A number of viral infections have also been associated with T1D.
These include those that occur in utero during pregnancy,
as well as those that typically occur during childhood (e.g.,
enteroviruses). Because the peak
onset of T1D is at puberty, it is thought that changing levels of
hormones may also precipitate the disease.
Finally, stress has been suggested as a T1D risk factor.
Many parents report that their child experienced a very stressful
event (e.g., divorce) just prior to the onset of the disease.
The role of
improved hygiene in the etiology of T1D is also currently being
explored.
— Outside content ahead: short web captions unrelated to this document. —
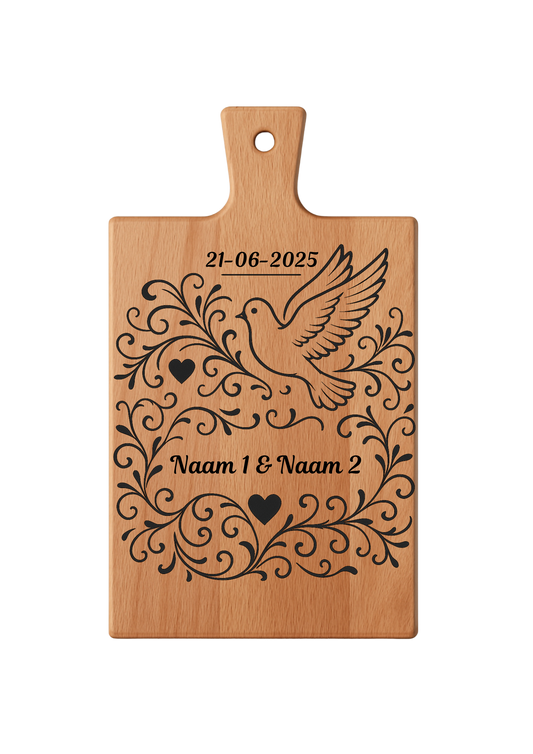 Gepersonaliseerde borrelplank met duif en hart gravure - uniek cadeau met namen en datum
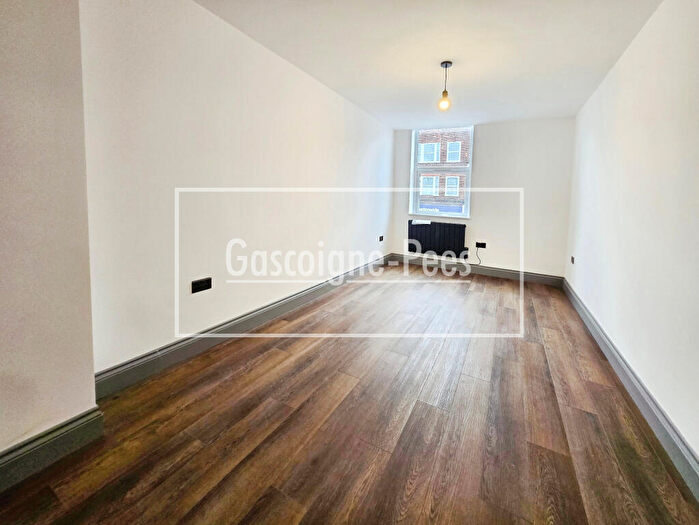 1 Bedroom Flat To Rent In Central Road - Worcester Park, KT4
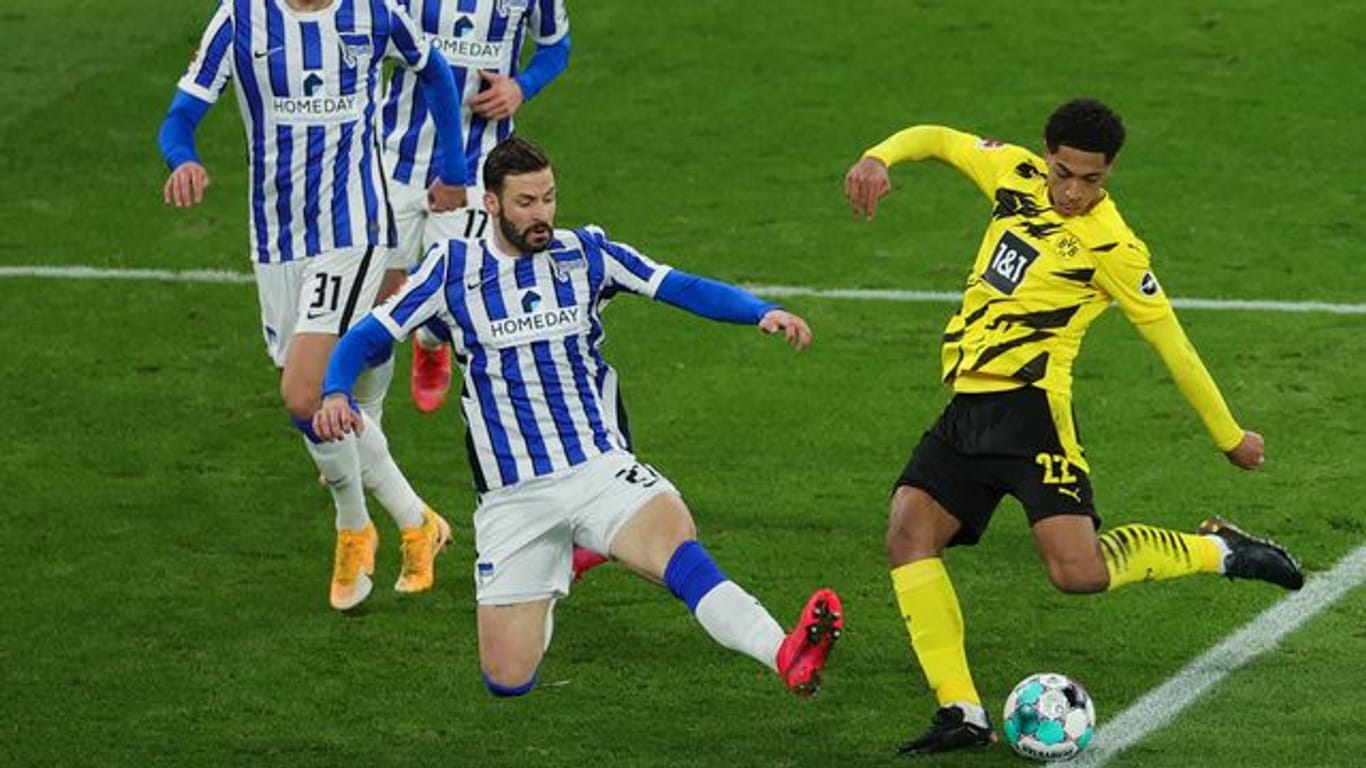 Jude Bellingham (r) steht bei Borussia Dortmund unter Vertrag.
It has been
hypothesized that delayed exposure to microorganisms due to improvements
in standard of living hinders the development of the immune system, such
that it is more likely to respond inappropriately when introduces to
such agents at older (compared to younger) ages.
This explanation is consistent with recent reports indicating
that factors such as day care attendance, sharing a bedroom with a
sibling and contact with pets are protective against T1D. Further
studies are needed to determine if improved hygiene can explain the
temporal increases in the incidence of T1D worldwide.